Phelps County is listed among the 12 Nebraska communities that are hoping to recruit the dairy industry and will be among five communities featured in a Power Point presentation at the expo. The presentation will feature details on the county’s 134-acre Iron Horse Industrial Park.
“Grow Nebraska Dairy made the decision early on to identify communities that were willing to put out the welcome mat,” said Rod Johnson, former Phelps County resident and executive director of the Nebraska State Dairy Association. “We distributed a request for information to a couple dozen communities to determine their capacity in terms of infrastructure, utilities, labor and wastewater treatment. We’ve winnowed that list down to a handful that meet the criteria, are enthusiastic and could ramp up quickly when a dairy processor comes to town.”

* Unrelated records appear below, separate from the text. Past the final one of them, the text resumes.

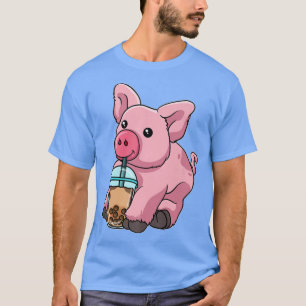 Camiseta Té de burbuja de cerdo, animales cortados con té B
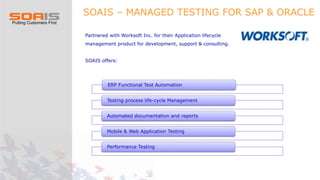SOAIS – MANAGED TESTING FOR SAP & ORACLE
Partnered with Worksoft Inc. for their Application lifecycle
management product for development, support & consulting.
SOAIS offers:
ERP Functional Test Automation
Testing process life-cycle Management
Automated documentation and reports
Mobile & Web Application Testing
Performance Testing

A 2016 Targeted Industry Study revealed that Phelps County should focus its recruitment efforts on seven key industries. Crop and animal production and related manufacturing, including food processing, rose to the top of the list.
Tillery said a dairy processing plant would likely be a $25-$30 million project and would employ more than 60 people.
The successful recruitment of a dairy processing plant may lure dairy farms to locate in the county or may provide an opportunity for current residents to start dairy farms. The dairy farms would open up new markets for area farmers as the dairy farms would need to purchase crops to feed their dairy cows.
“Dairies represent a diversification of resources for local farmers who produce corn and other feed,” Tillery said. “At each stage, we would be providing value to the product instead of just accepting a certain commodity price.”
Tillery said dairy processing plants are clean manufacturing facilities that would be similar to BD on the outside. Currently, there are only five dairy processing facilities in Nebraska, and all of them are on the eastern side of the state, including Hiland Dairy Foods in Norfolk and Omaha.